* **INFORMATION SUPPLIED**
-.-.-

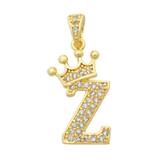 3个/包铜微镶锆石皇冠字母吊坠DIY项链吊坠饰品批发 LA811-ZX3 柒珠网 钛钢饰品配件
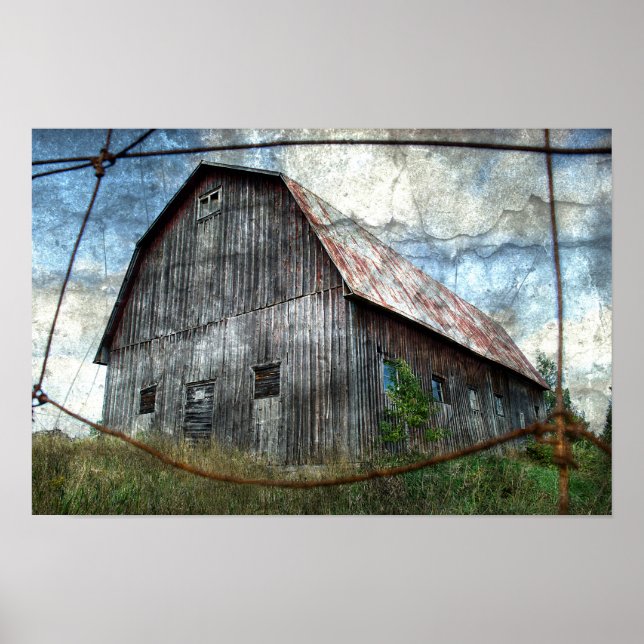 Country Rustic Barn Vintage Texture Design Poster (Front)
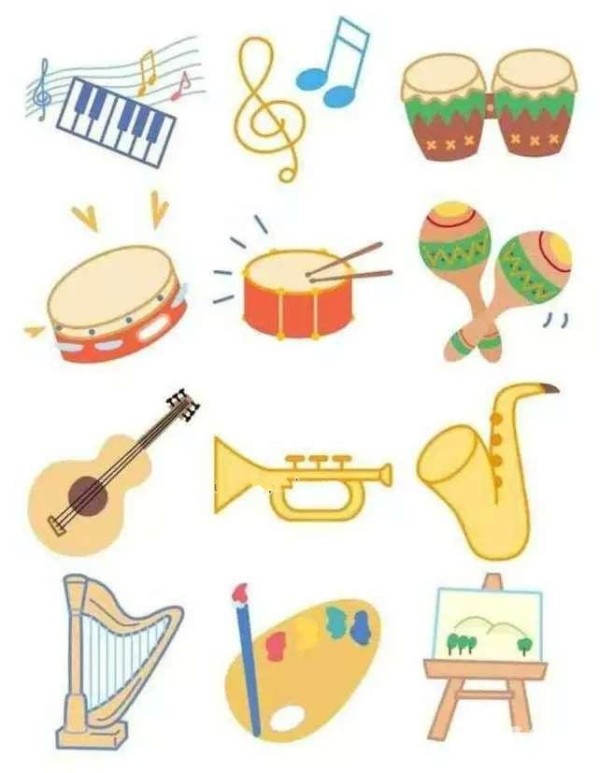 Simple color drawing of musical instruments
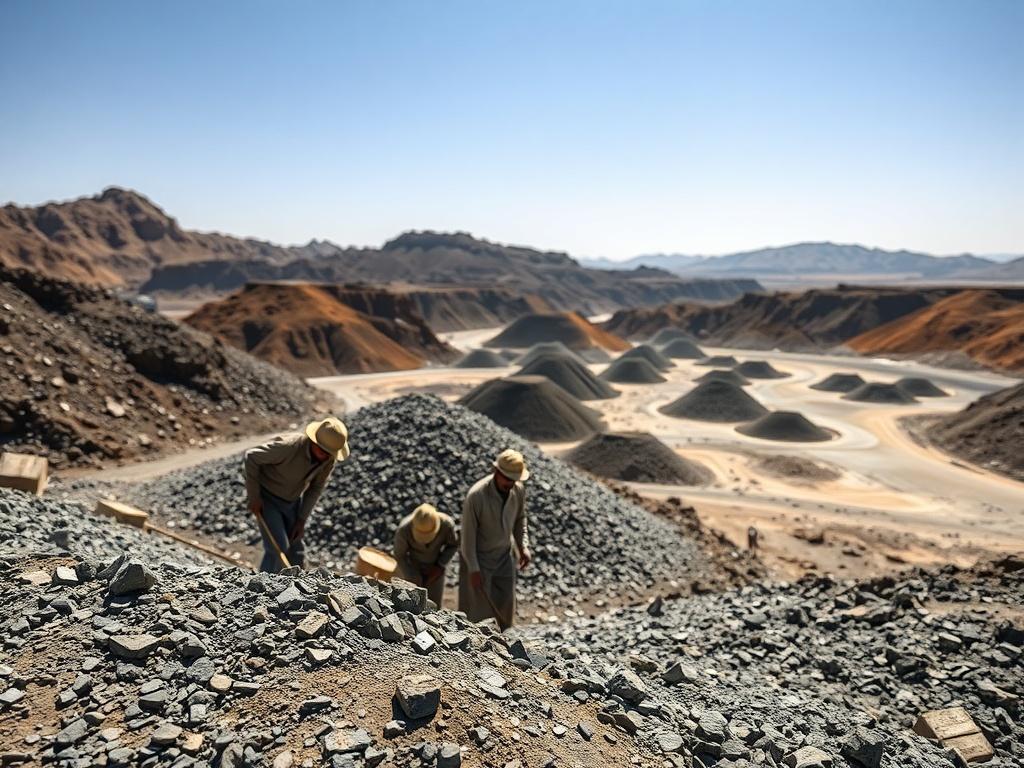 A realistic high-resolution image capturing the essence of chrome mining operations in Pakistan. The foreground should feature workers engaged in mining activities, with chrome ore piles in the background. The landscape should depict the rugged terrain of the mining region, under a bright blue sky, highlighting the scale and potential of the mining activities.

-.-.-

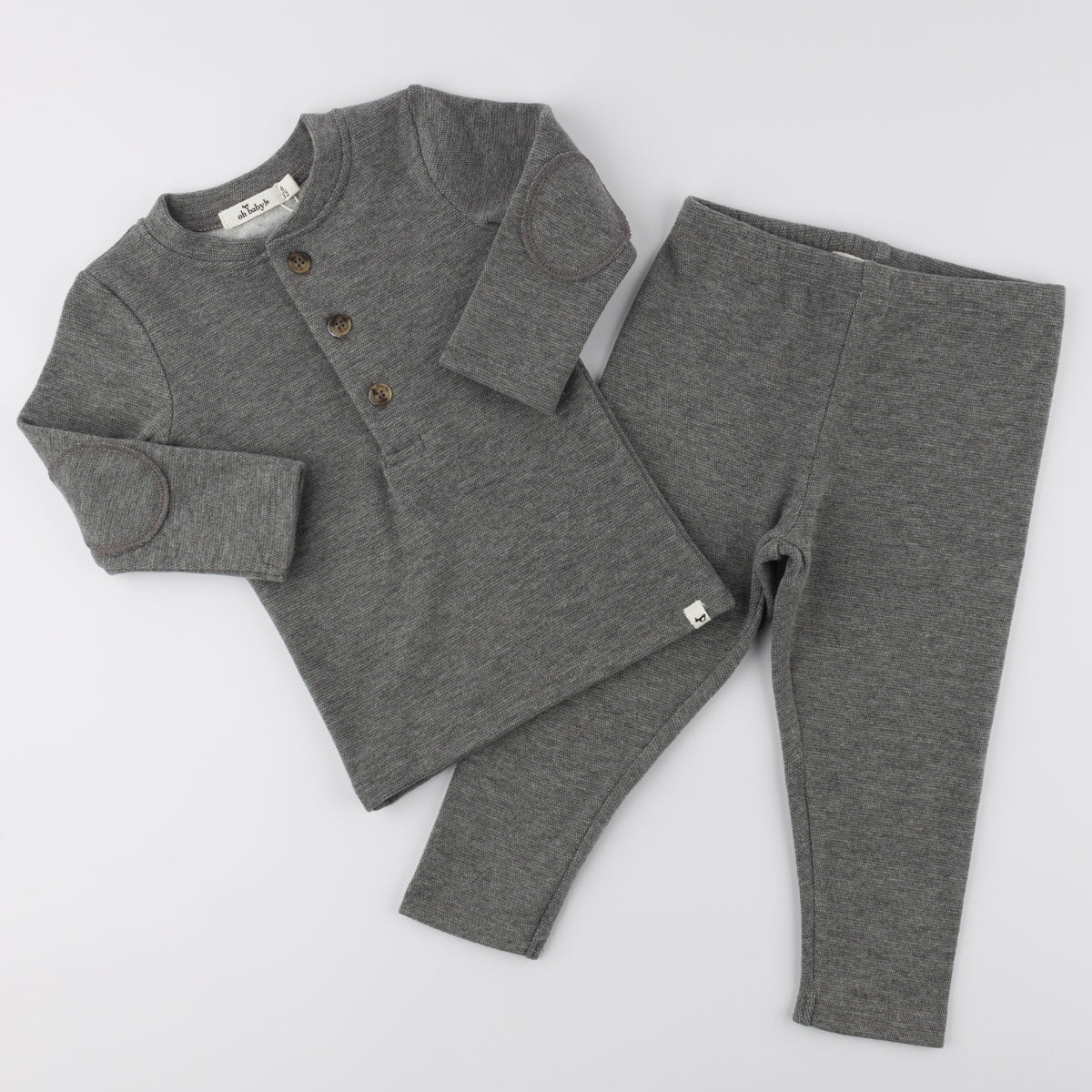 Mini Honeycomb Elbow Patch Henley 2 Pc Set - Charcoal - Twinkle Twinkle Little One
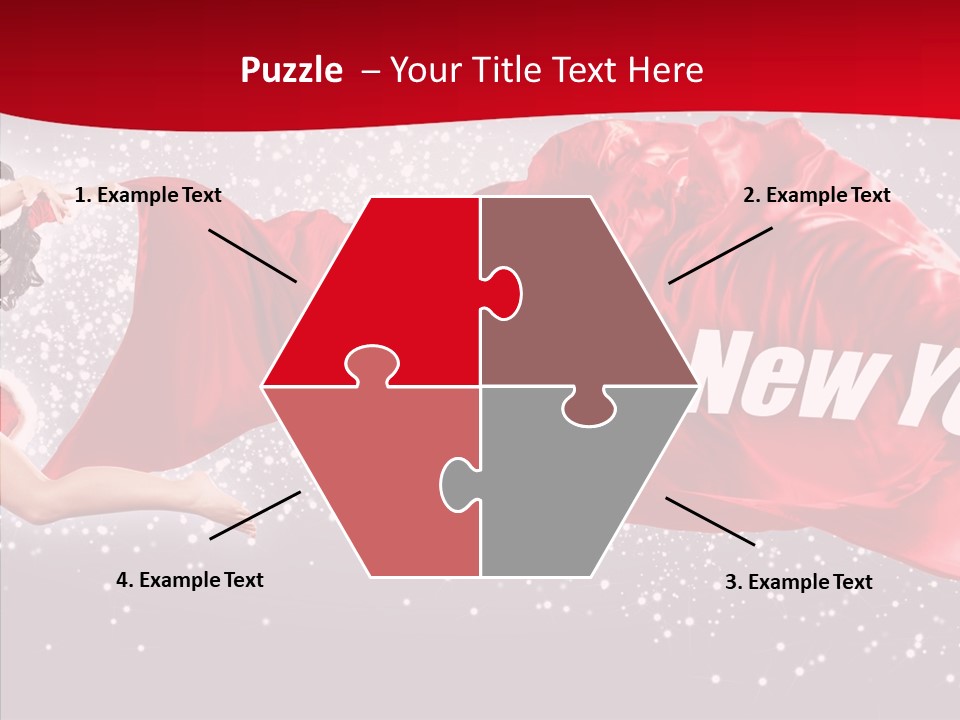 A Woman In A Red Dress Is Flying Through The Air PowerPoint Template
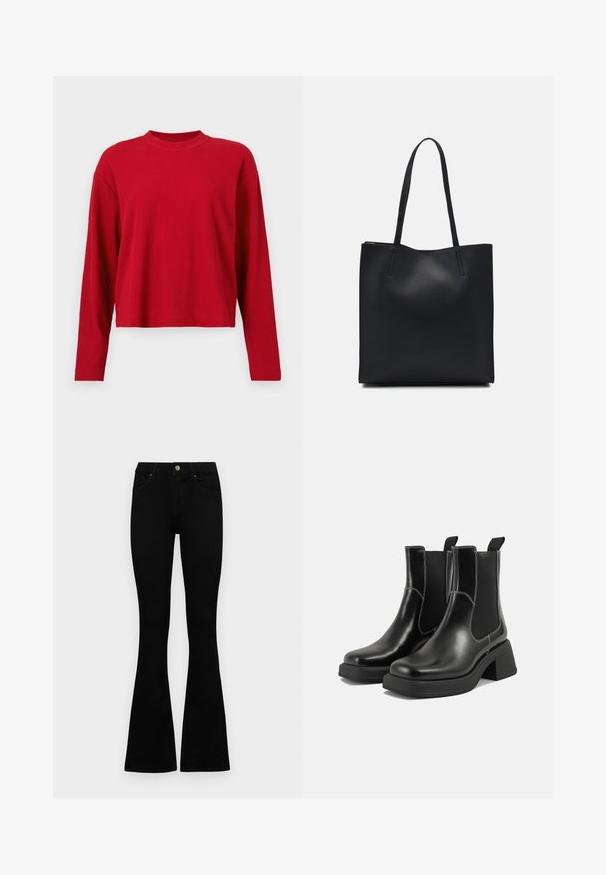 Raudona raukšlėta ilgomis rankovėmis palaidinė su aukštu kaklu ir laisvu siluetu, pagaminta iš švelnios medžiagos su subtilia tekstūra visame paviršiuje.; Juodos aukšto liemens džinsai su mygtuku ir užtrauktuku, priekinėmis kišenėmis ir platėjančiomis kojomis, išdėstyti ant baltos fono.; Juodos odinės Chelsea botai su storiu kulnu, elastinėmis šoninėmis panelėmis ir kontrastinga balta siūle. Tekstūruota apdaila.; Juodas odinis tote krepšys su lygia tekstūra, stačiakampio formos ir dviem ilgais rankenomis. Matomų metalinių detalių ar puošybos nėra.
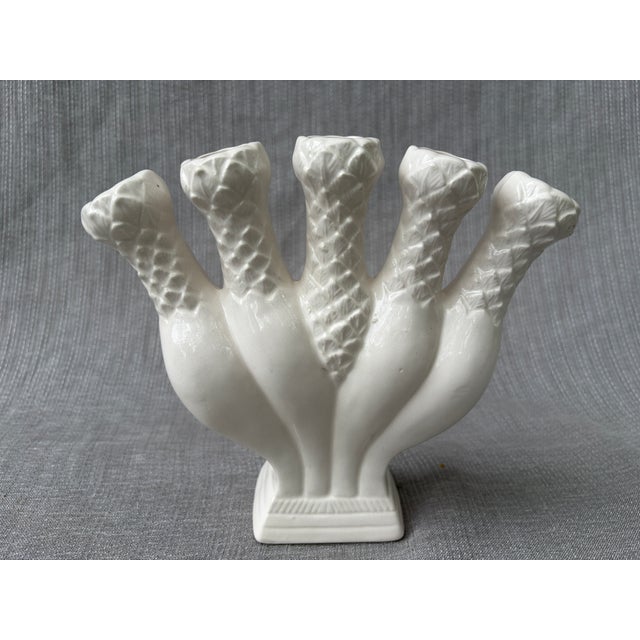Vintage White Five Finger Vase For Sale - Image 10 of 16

-.-.-

* **WORK ITEM**
Give again the stretch of lines above from the one with "Simple color drawing of musical instruments" through the one with "A realistic high-resolution", both ends kept, and copy no pictures.

* **RESPONSE AREA**
 Simple color drawing of musical instruments
 A realistic high-resolution image capturing the essence of chrome mining operations in Pakistan. The foreground should feature workers engaged in mining activities, with chrome ore piles in the background. The landscape should depict the rugged terrain of the mining region, under a bright blue sky, highlighting the scale and potential of the mining activities.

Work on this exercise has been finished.